Homily preached on the Solemnity of the Transitus of St Benedict, 21st March 2014, by Abbot Cuthbert Madden.
On the 24 October 1964 Pope Paul VI declared St Benedict to be the Principle Patron of All of Europe. In the Apostolic Letter to the Church by which he made this pronouncement Pope Paul listed five qualities which Benedict displayed which fitted him to be patron of Europe: he said that Benedict was a messenger of peace, a builder of unity, a teacher of civilisation, a true herald of the Christian religion, and the founder of monastic life in the Western Church. Paul went on to suggest that the followers of Benedict had “carried Christian progress to scattered people from the Mediterranean to Scandinavia, from Ireland to the plains of Poland”. This is pretty heady stuff and you may be thinking that all of these qualities rather set Benedict apart from you and from me. But if you were thinking that you would be wrong.
Benedict’s story starts when he was about the age of those of you who are in the Sixth Form. It is worth remembering that, not just about Benedict but about all saints: sanctity grows in the ordinary lives of ordinary people. So Benedict was about your age when he faced the question which we all have to face, “what is God asking of me as I live this life which he has given me. It is a question which I would hope many of you are confronting for the first time – and those of us who are somewhat older will tell you that you will ask yourself this question repeatedly in the course of your life.
Benedict was growing up in a time of extraordinary mobility of peoples in Europe. A great movement of people from the East led to successive invasions of the Goths, Huns, Vandals and Ostrogoths into Italy during the fifth century. Inevitably in the confusion of mass migration and war one civilisation broke down and another started to take its place. Benedict was sent by his parents to the city of Rome to complete his education but what he found there so challenged the values implanted in his upbringing that he fled the city and sought solitude in order to answer the key question he believed God was asking him. We know little about this time in the wilderness; what we do know is the shape of the life which emerged from it.
In a time of violence Benedict sought to build peace. In a time of mobility of peoples Benedict sought to build stability of place for a community of likeminded men. In a time when civilised restraint built on the Gospel of Christ had given way to a life of indulgence of the passions which seemed to be drawn from paganism, Benedict sought to retain was good in the previous culture and to rebuild values based upon the Gospel of Christ.

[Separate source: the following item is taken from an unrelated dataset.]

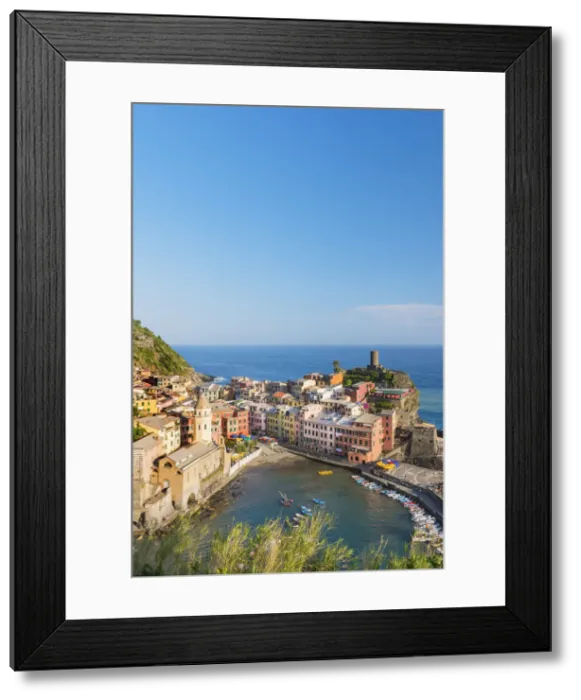 Framed Print : View overt the rooftops and port of Vernazza from above Santa Margherita di Antiochia Framed Print : View overt the rooftops and port of Vernazza from above Santa Margherita di Antiochia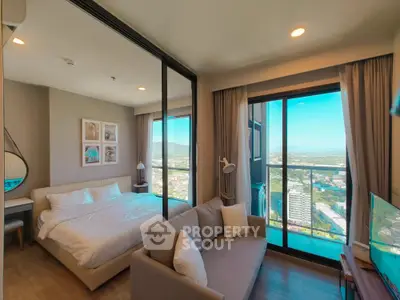 Luxurious bedroom with stunning city view and modern decor in high-rise apartment.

In short, Benedict proposed a life which ran counter to the prevailing culture; like all men and women who are counter-cultural his values did not please everyone, but there was something both healthy and practical in what he proposed.
In the centuries after his life his form of monasticism seemed first to wane and almost disappear, but the Rule he left behind has a flexibility and humanity which meant that in later years it shaped a renewed monastic movement. This monastic movement emphasised stability of place, it emphasised the regular worship of God our Father in the monastic choir using the words of the sacred scriptures, and it emphasised long hours of reading and reflection on the books of the bible and of other books of human learning with the aim that the community of monks might come to know and love God. Everything was ordered to this end: that monastic men and women might fulfil their baptismal vows and come to know, and love, and serve the living God.
Five centuries after Benedict, if you study the scattered remnants of monastic history you will discover men travelling across Europe in order to enter monasteries where there were great scholars and great spiritual fathers. One example would be Anselm, born in Aosta in Italy, who travelled to Bec in Normandy to learn how to seek God, and who was later called from Normandy to Canterbury to be the Archbishop there. If you study the manuscripts and later the early printed books you will discover monasteries across Europe sharing their knowledge – because the monks across Europe were a brotherhood of men engaged in a common task: they were seeking God.
Times have moved on. Monasteries have died in a variety of different ways and become bare ruined choirs; mute reminders of a Christendom which once encompassed Europe and which brought knowledge of the Gospel and the learning of ages past, which helped to foster stability and which sometimes brought peace. Today we are living in a Europe which is once again largely pagan; in which there seems to be increasing mobility of peoples; in which there is, in some places at least, the breakdown of civilised values even to the extent of the reawakening of barbaric behaviour. You may feel that there is little that you can do to counter this seemingly irresistible tide: but you would be wrong. You are the heirs and heiresses of Benedict. You are listening to the Gospel of Christ. Dedicated teachers are bringing you the knowledge built up over countless ages, knowledge which continues to expand as the result of human curiosity, as a result of the desire to know and to understand. During your time with us or in the years immediately after leaving us you will be faced with discerning your own call from God; and having discerned it you will be challenged by the difficulties of holding true to your ideals. My prayer for you is that you will be inspired by the desire to encounter Christ, and to live following in the footsteps of Christ. My prayer is that you will be great builders of community. For the values announced by Christ in the Gospel and community life based on the Gospel constitute the foundations for great hope for the future of Europe. I pray that you will remember this monastery in your prayers – and that you will pray that some young men will be inspired to give their lives to Christ so that we may continue the work which Benedict began all those centuries ago.